Tool for the Field: Helping a Child with Guided Silent Reading

Purpose

This tool will help structure a pre-reading session in which you work with a student who is preparing to begin a silent reading assignment.

Procedures

1.  Preparation

Read the assigned selection. Before you meet with the student, familiarize yourself with the selection the student will be reading. Read the selection and identify ideas you think might be of interest to the student. Circle words that are likely to be new words to the student—the teacher may tell you the new vocabulary words ahead of time, or the selection itself may include a list of new vocabulary words.

Prepare to help with new vocabulary. Check your understanding of the new vocabulary words’ meanings to be sure you’re familiar with the way they’re used in the reading selection. Plan how you will help the student figure out the definitions of the new vocabulary words that he or she doesn’t know.

2.  Pre-reading Activities

Ask what the student knows about the subject of the reading. Ask the student to look at the title of the reading with you. Ask what the title suggests (or says) the reading will be about. Ask questions to see what the student’s experience with the subject has been. Mention one or two of the ideas in the reading that you think might spark the student’s interest.

Do a text walk-through with the student. Do a brief “walk-through” of the text with the student to look at some of the text features, such as headings, graphs, and photos. Talk with the student about what these features tell him or her about the subject of the selection.

Ask the student about vocabulary words you’ve identified as important. Talk with the student about what the new words mean. Encourage the student to look at parts of the word for clues to their meaning. Show pictures or objects to illustrate the word meanings if that is practical. To the greatest extent possible, help the student figure the meaning out, rather than telling the student the meaning.

Set up a signal for the student to use to ask or tell you something. When the student is ready to begin reading, agree on a signal, such as a “time out” hand sign or some other simple signal, that the student can use to ask for your help or tell you about something new he or she learned.

3.  During-reading Monitoring

Be available to respond to the student’s signal. Without hovering over the student—and perhaps distracting the student from the reading—remain close so you can give help if it’s needed.
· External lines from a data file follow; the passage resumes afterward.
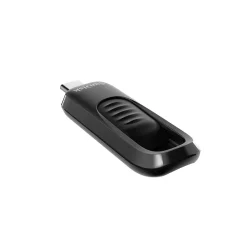 New SanDisk Ultra Slider 256GB USB 3.2 Type-C Flash Drive, Black (SDCZ480-256G-A46)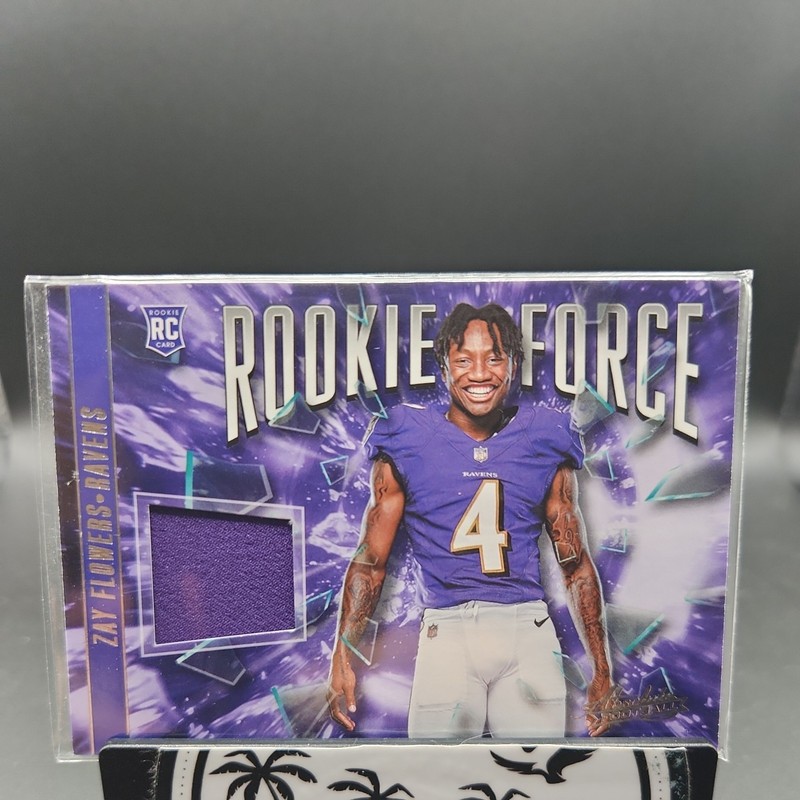 2023 Panini Absolute - Rookie Force Zay Flowers #RF-14 (MEM, RC)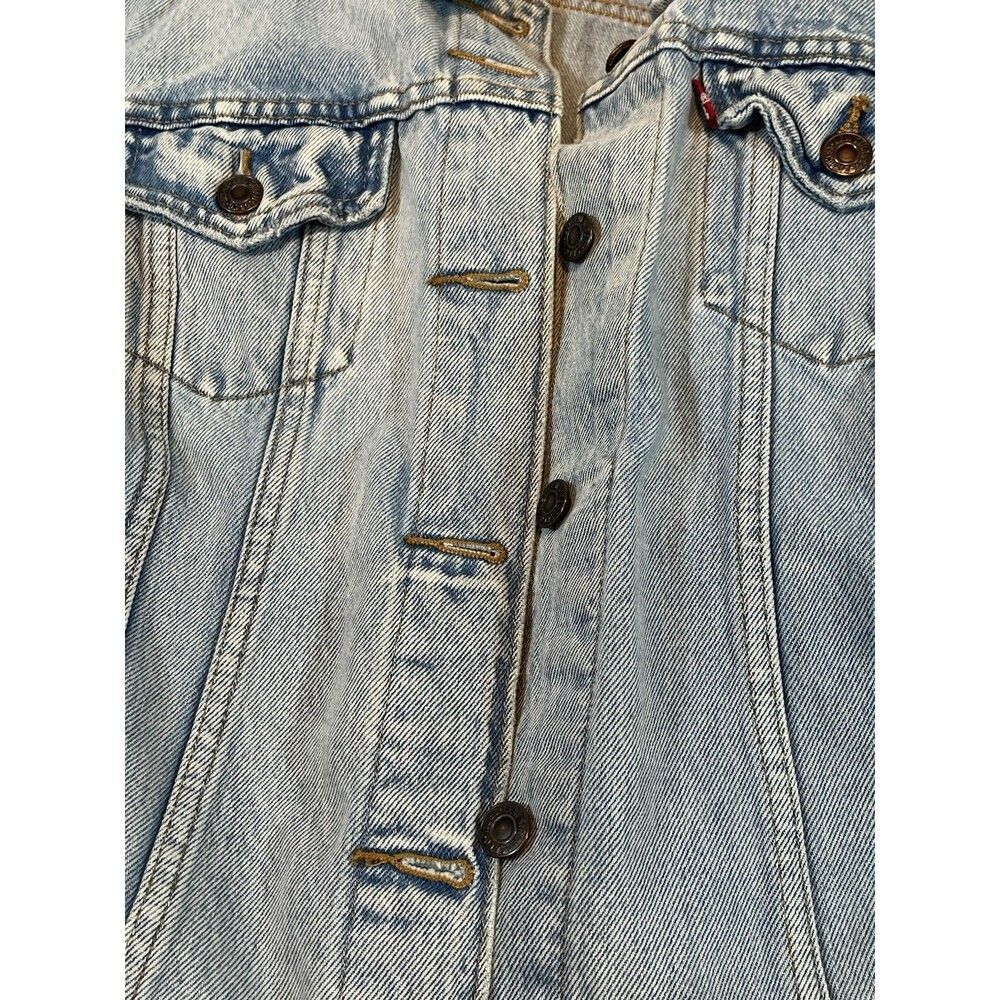 Levi's Jean Jacket Womens Size Large Custom Hand Painted Back - Picture 6 of 10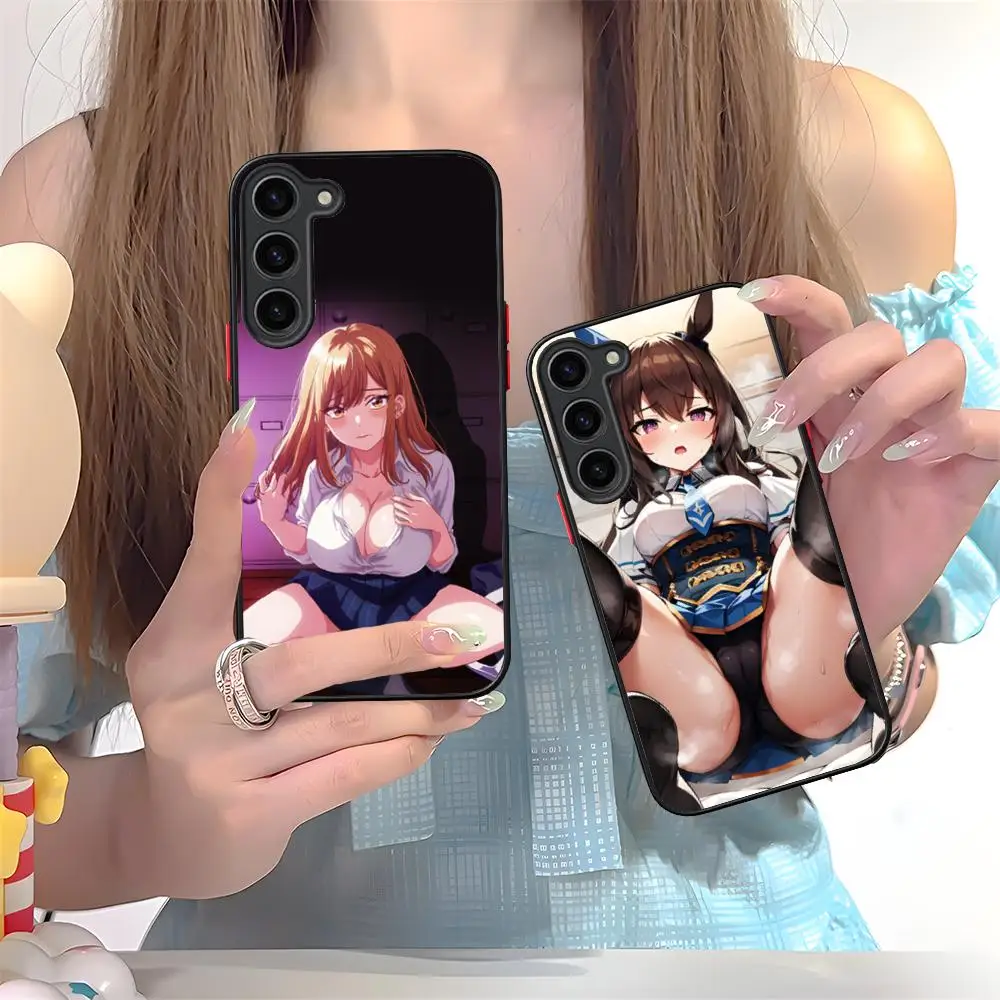 JK زي مدرسي فتاة قضية الهاتف لسامسونج غالاكسي S25 S24 S23 S22 S21 زائد FE الترا اللون سيليكون واقية غطاء فاخر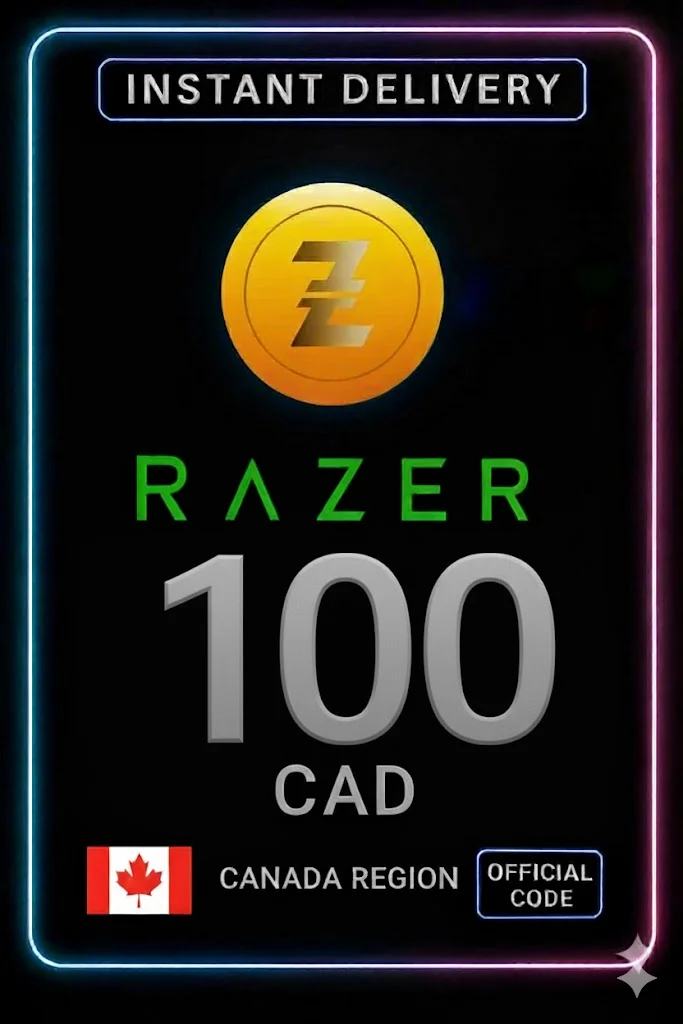 ريزر جولد Canada 100CAD · Razer Gold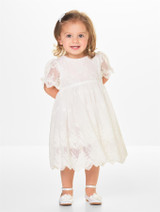 Ivory christening dress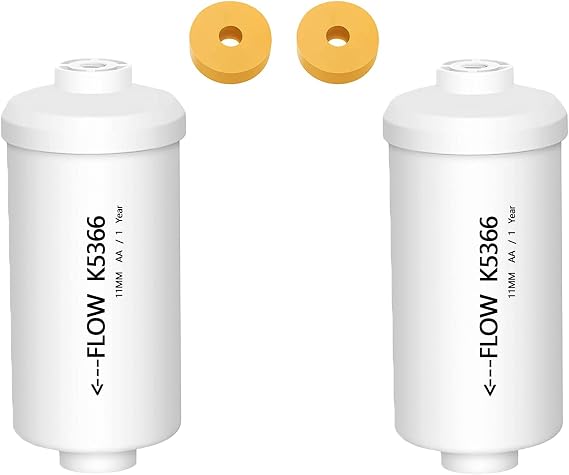Fluoride and Arsenic Filter NSF/ANSI 42 Certified,Replacement for PF-2 Fluoride Filters,K5366 Replacement for Berkey Fluoride Filters Compatible with Berkey Gravity Filtration System-Pack of 2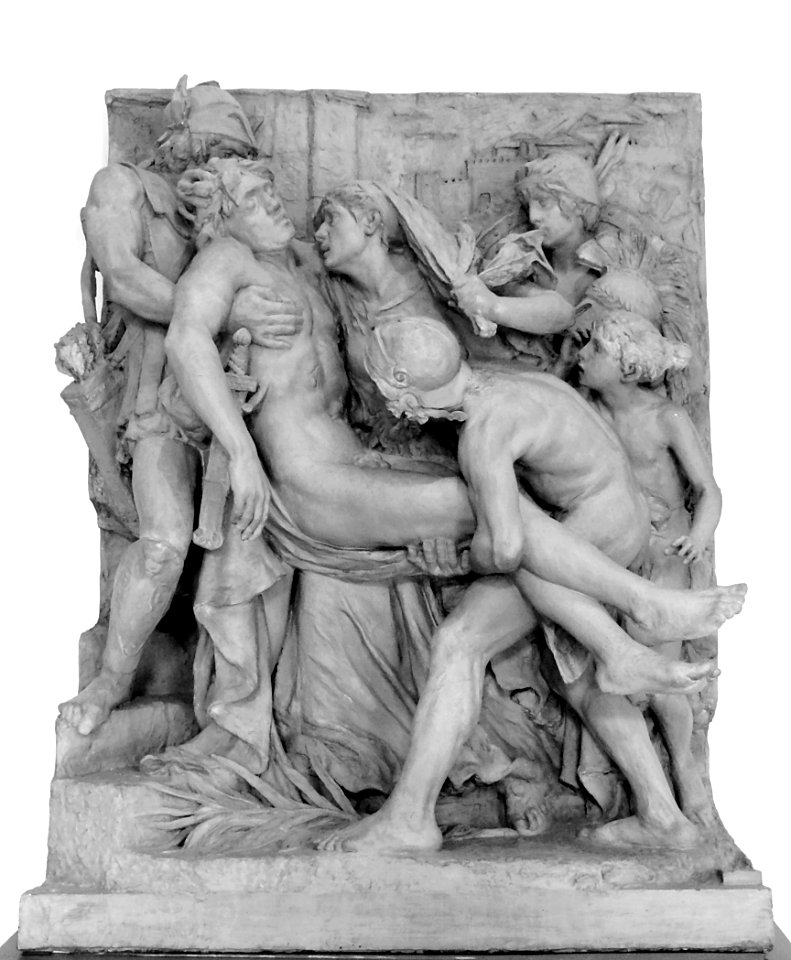 "Corps d'un spartiate tué, rapporté à sa mère", Edgar-Henr…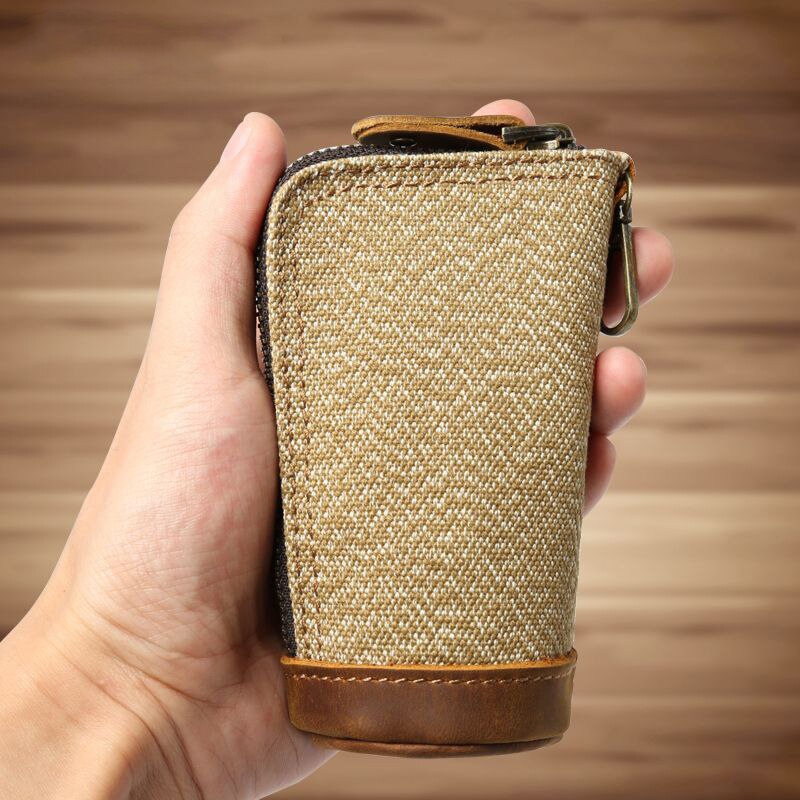 Unisex bilnøkkelholdere menn kvinner nøkkelveske liten spenne kay etui mannlige hushjelper mini lommebøker myntveske menn myntvesker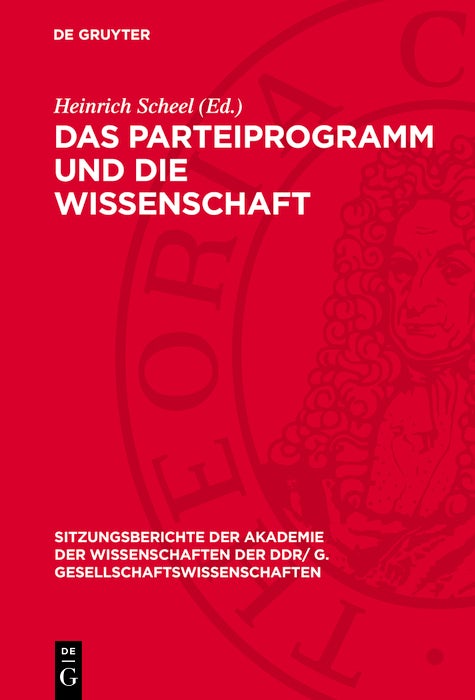 Cover image for Das Parteiprogramm und die Wissenschaft, isbn: 9783112743706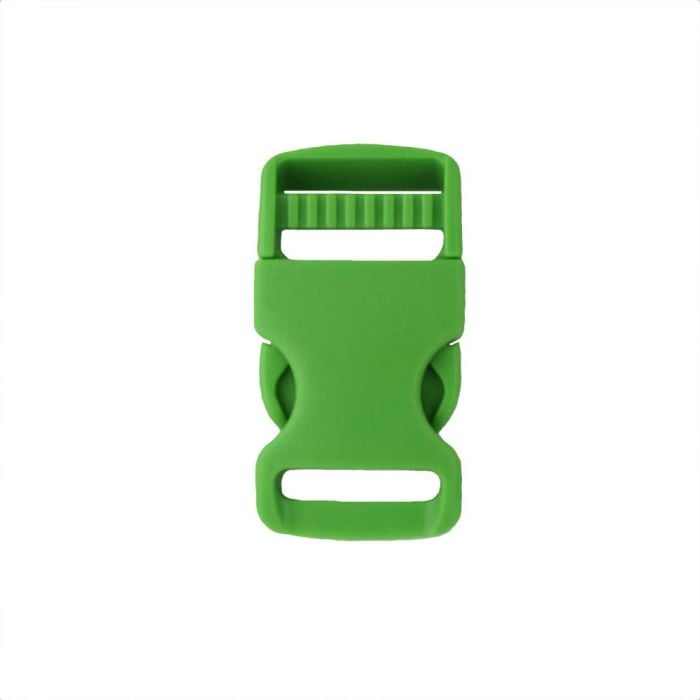 1 Inch Plastic Single Adjust Side Release Buckle Green
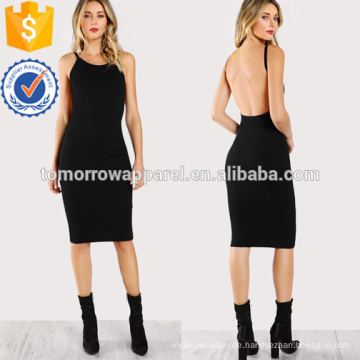 Low Back Pencil Dress Herstellung Großhandel Mode Frauen Bekleidung (TA3157D)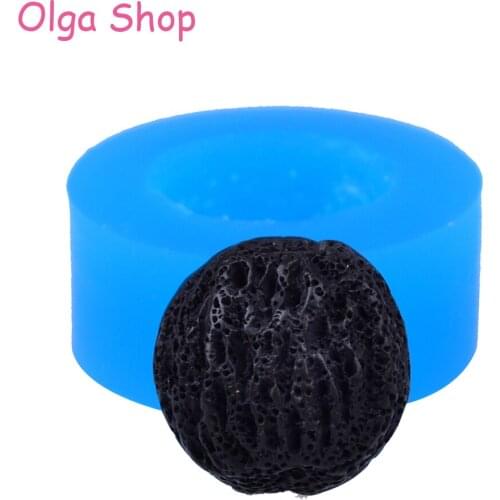 XYL006 18.5mm Ice Cream Scoop Flexible Silicone Mold - Miniature Sweets Dessert Fondant, Cupcake Topper, Resin, Chocolate, Candy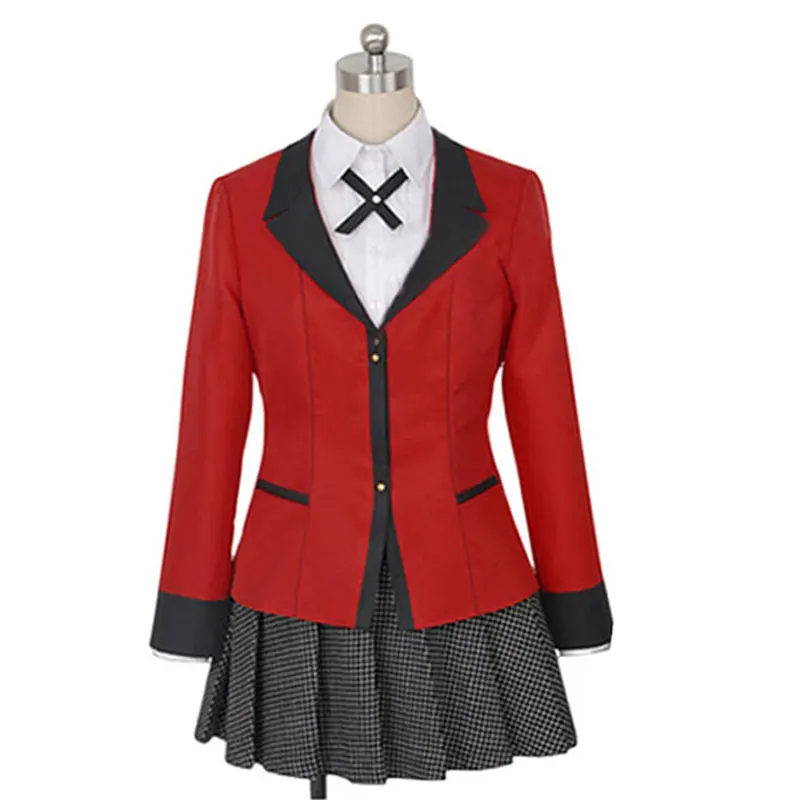 Аниме Kakegurui костюмы для косплея Jabami Yumeko одежда японская школьная форма Momota Ruri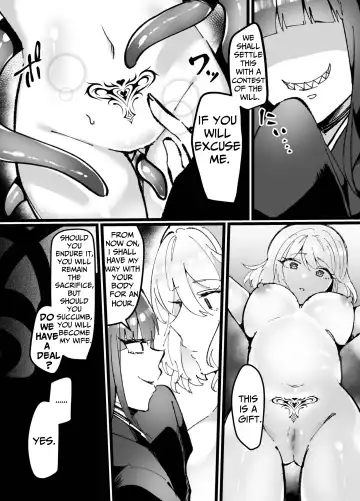 Jashin-sama no Ikenie ~Shokushu to Inmon de Muchi na Ikenie o Kairaku Metori~ | Sacrifice for the Evil God ~Ignorant Sacrificial Lamb's Tentacle & Lewd Crest Pleasure Wedlock~ Fhentai - Page 12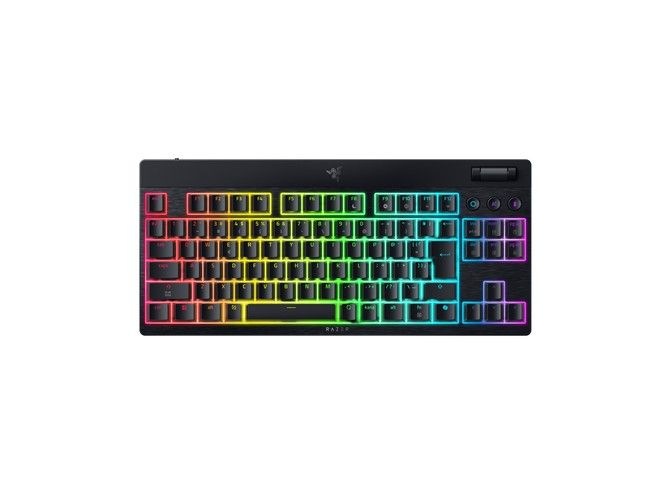 Razer 【国内正規品】BlackWidow V4 Low-profile Tenkeyless HyperSpeed(Yellow Linear Switch) ワイヤレス薄型メカニカルゲーミング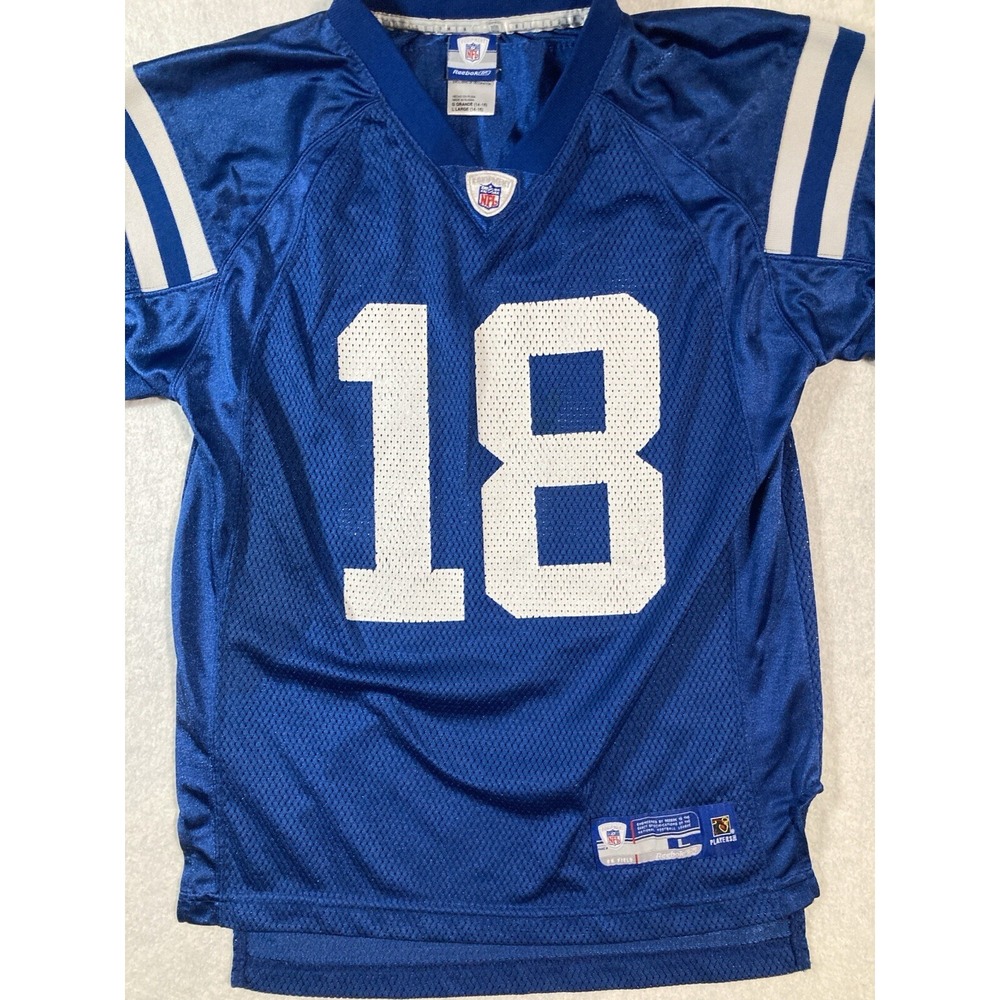 Reebok NFL Peyton Manning #18 Indianapolis Colts Jersey Size youth Large - Picture 2 of 14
Listen attentively if the student wants to point out something interesting, but ensure that the large majority of the student’s time is spent in reading. If the student is making notes to answer questions about the reading, offer advice about where to look for answers. You could, for example, suggest that a student re-read a particular paragraph where the answer is found.

4.  After-reading Reflection and Review

Ask the student to reflect on the reading. The teacher or the text might have review questions that you have been asked to have the student answer or that you and the student are to discuss. Even if you do not have review questions to use, ask the student to tell you some of the things he or she learned or found especially interesting in the reading.